La force de l’Ecole des Actes, c’est de constituer un « intellectuel collectif », c’est-à-dire un lieu où intellectuels, étudiants, artistes, ouvriers, travailleurs manuels, hommes, femmes, jeunes, vieux, sont à égalité, en ce sens qu’ils détiennent chacun une part de l’intellectualité commune à fonder. Une telle intellectualité, réunissant dans une même figure partagée ce qu’on pourrait appeler les deux grands pôles où se réalise depuis toujours la condition humaine dans sa radicalité, nous paraît pouvoir constituer aujourd’hui une ressource nouvelle et forte pour l’action collective.
D’une part chacun apporte aux autres des connaissances qu’ils n’ont pas : il s’agit de se nourrir à la fois des plus hautes spéculations dont l’histoire de la pensée humaine s’est rendue capable, et de la pensée qui s’enracine dans les plus profondes expériences du réel du monde contemporain.

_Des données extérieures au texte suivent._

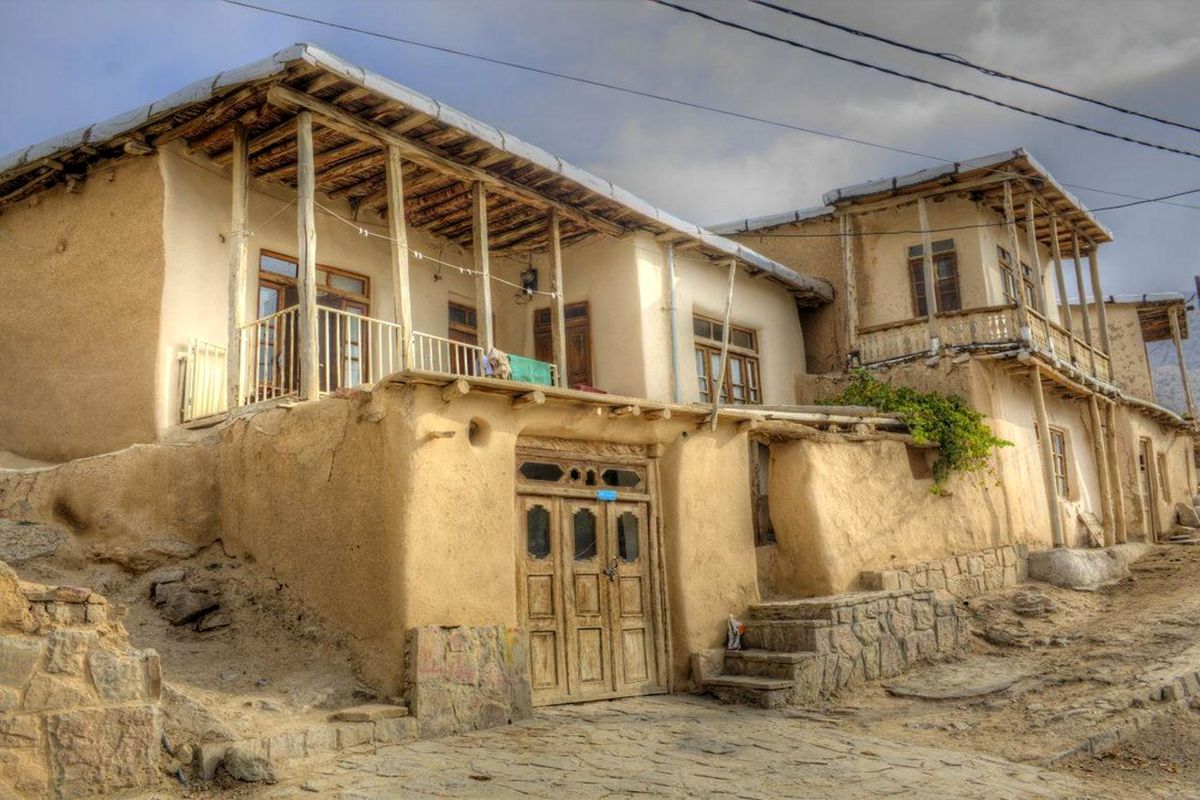 بازسازی واحدهای مسکونی روستایی با پرداخت تسهیلات ۴۰۰ میلیون تومانی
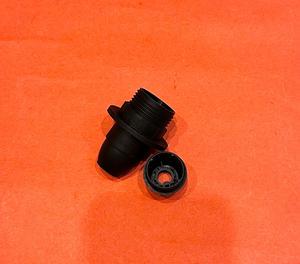 E14 Black Screw Bakelite Lamp Holder CE Certification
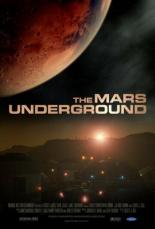The Mars Underground 2007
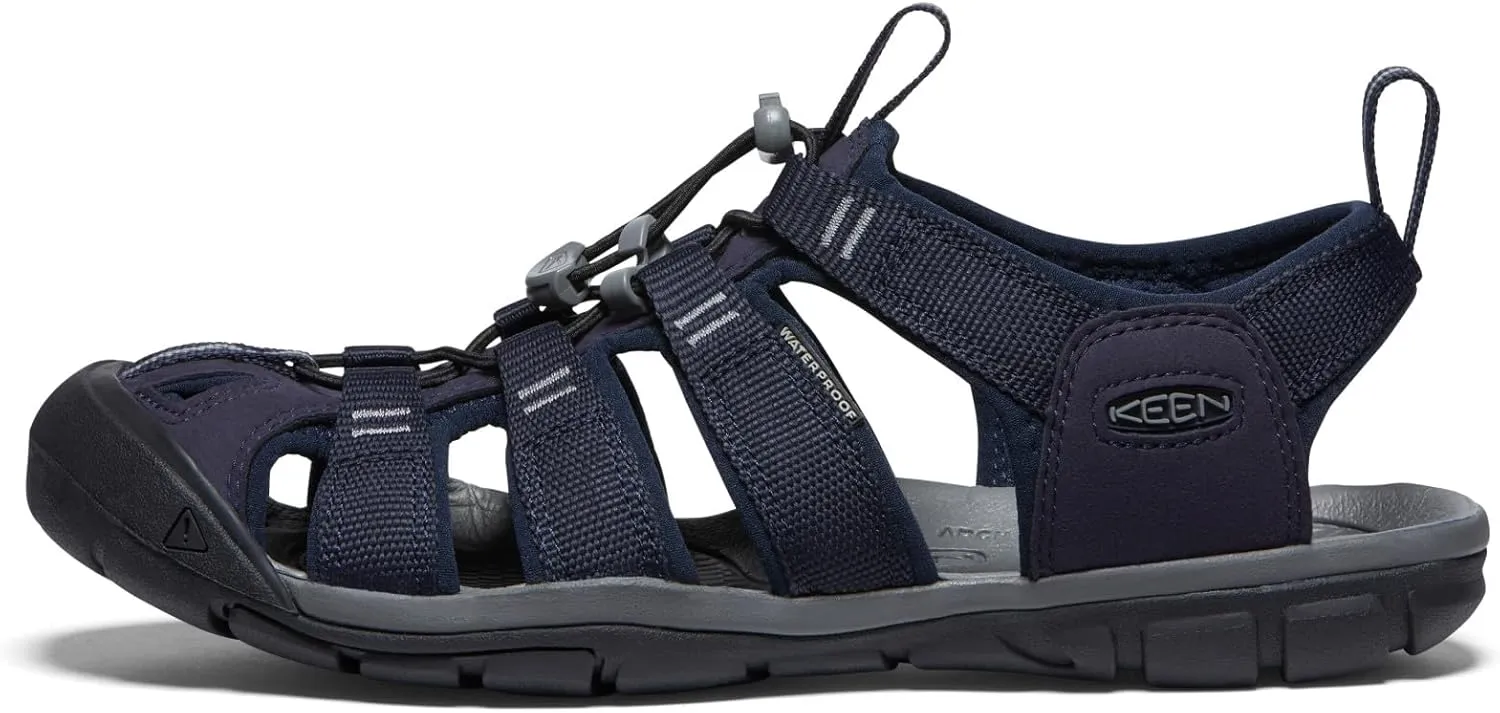 KEEN Men's Clearwater Cnx Lightweight Water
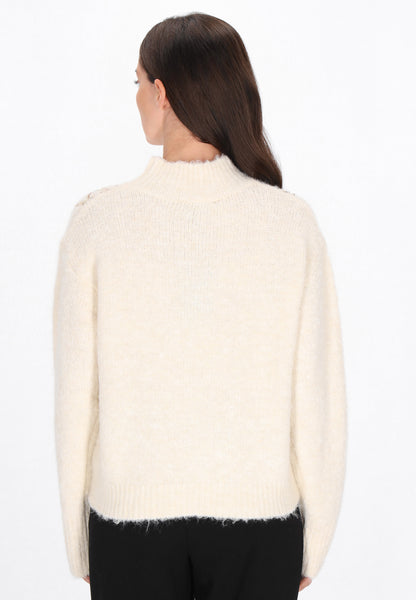 usha BLACK LABEL Damen Sweater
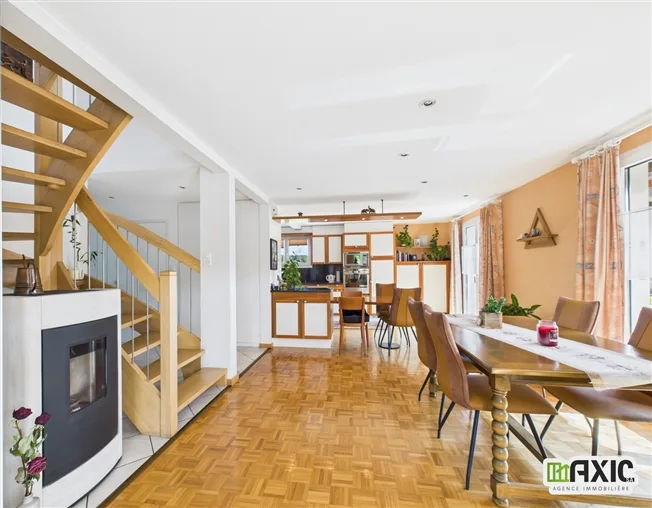 Wohnung in Bassecourt – Foto 4 von 20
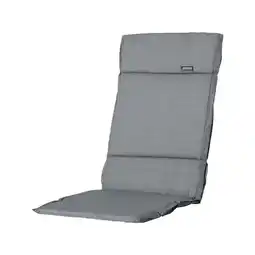 Van Cranenbroek Basic grey A046 fiber kussen lux aanbieding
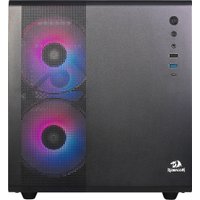 Корпус Redragon Pagos 1 (черный)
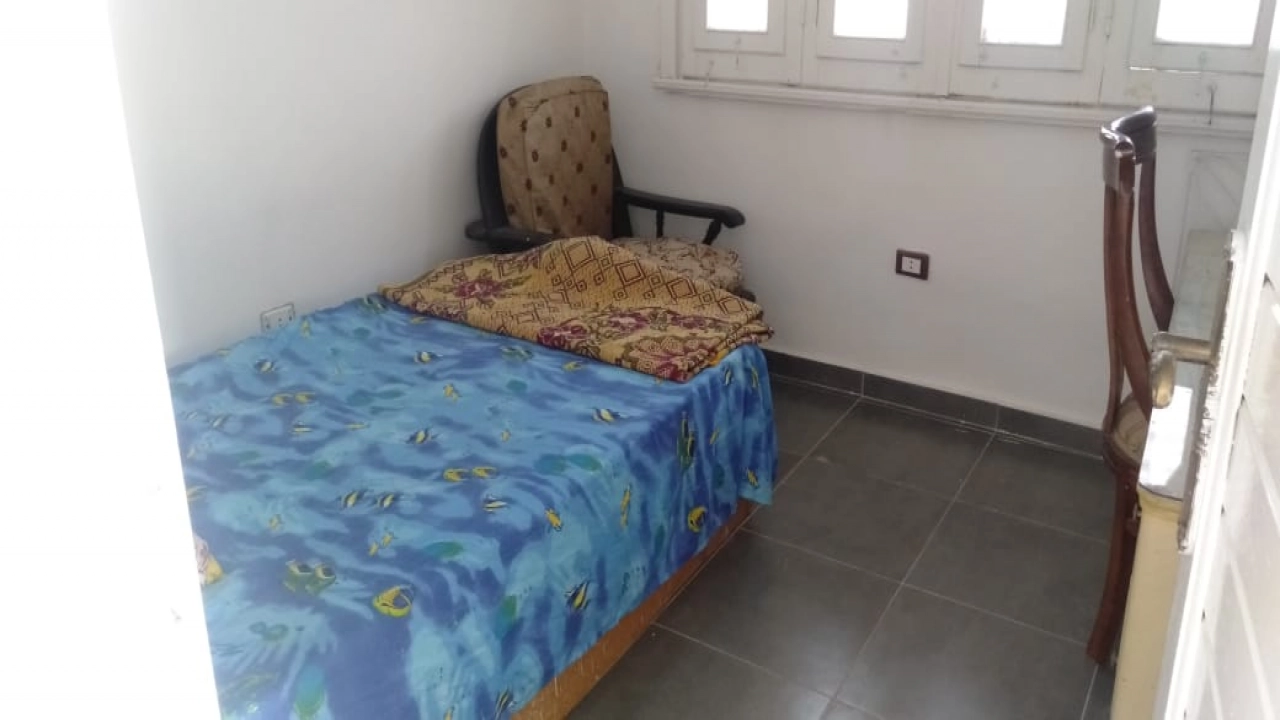 شالية للايجار في مارينا 3 غرف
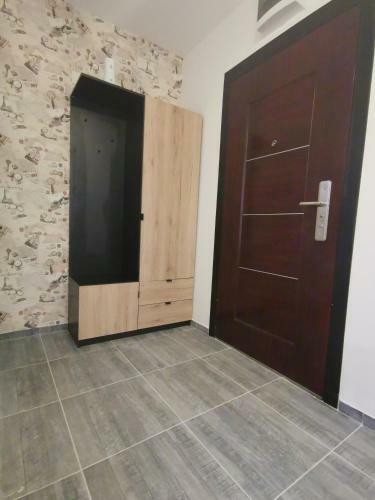 Apartamento City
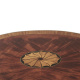 Photo Large Mompesson Side Table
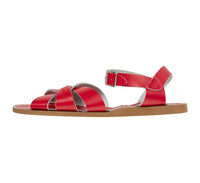 Salt-Water Sandals - Original Adult Red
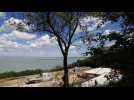 Le lac Balaton, nouvel eldorado de l'immobilier en Hongrie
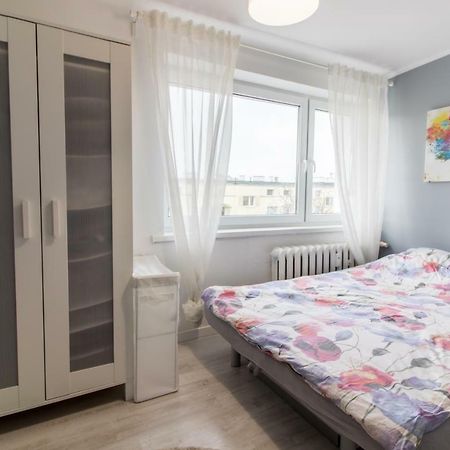 Ferienwohnung Koliber Gdynia Exterior foto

D’autre part, de cette réunion peut naître une intellectualité nouvelle, car il ne s’agit pas seulement d’additionner des savoirs : de cette rencontre, de ce travail en commun émergent, et c’est là la force de ce lieu, de nouvelles connaissances, de nouvelles propositions, qui ne préexistent pas à cette rencontre, et qui ne pourraient pas exister sans cette réunion.